§ **PROBLEM TO WORK ON**
Leave out the images; return the rest of the data exactly.

═══ DATA SECTION ═══

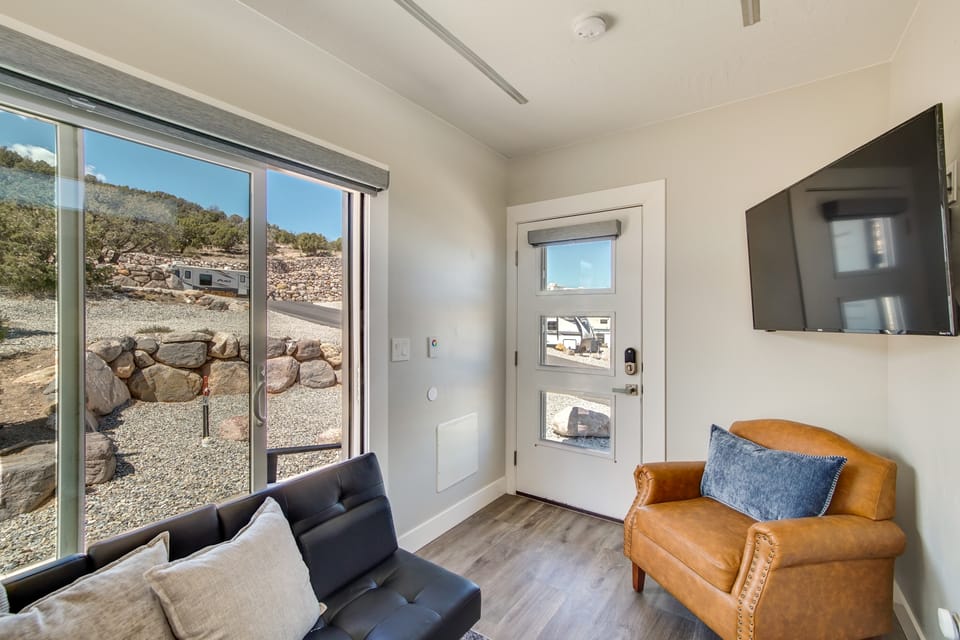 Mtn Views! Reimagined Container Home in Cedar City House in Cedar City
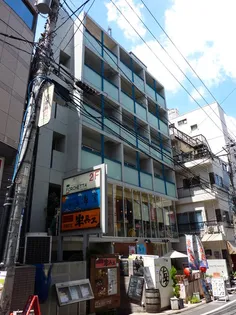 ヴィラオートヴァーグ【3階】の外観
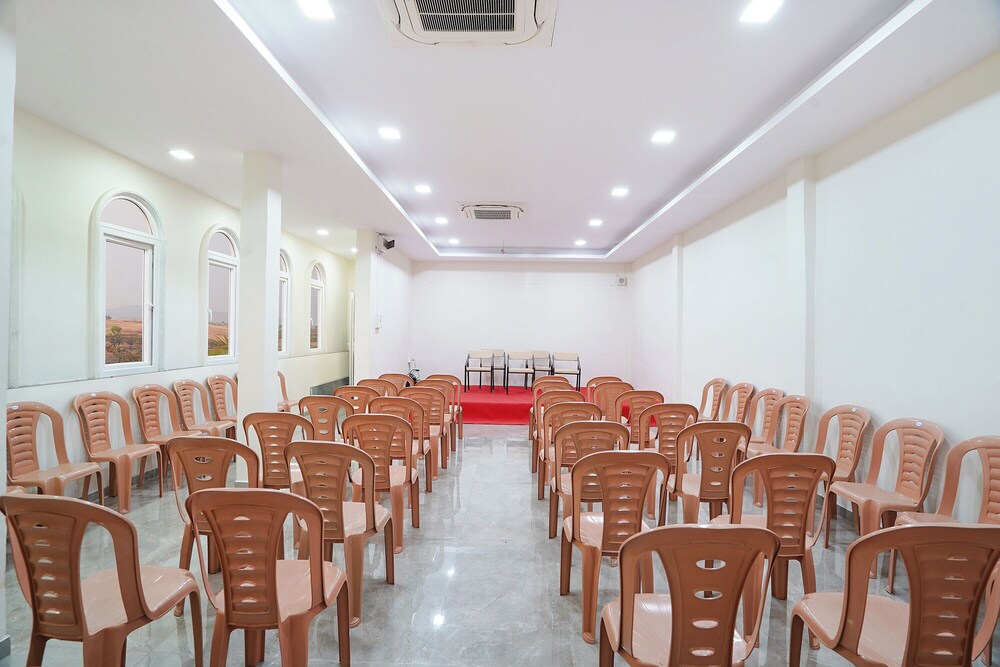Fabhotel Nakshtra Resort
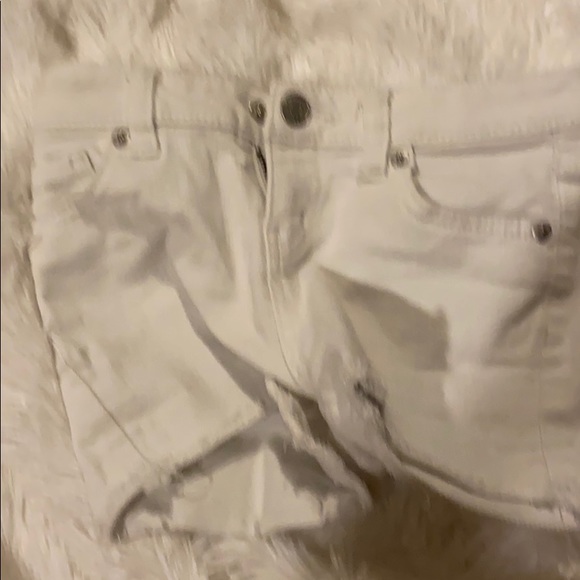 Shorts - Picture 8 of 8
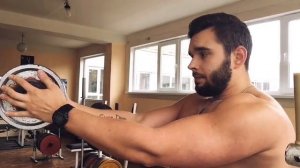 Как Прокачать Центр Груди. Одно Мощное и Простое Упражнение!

═══

§ **PROBLEM SOLUTION**
 Mtn Views! Reimagined Container Home in Cedar City House in Cedar City
 ヴィラオートヴァーグ【3階】の外観
Fabhotel Nakshtra Resort
 Shorts - Picture 8 of 8
 Как Прокачать Центр Груди. Одно Мощное и Простое Упражнение!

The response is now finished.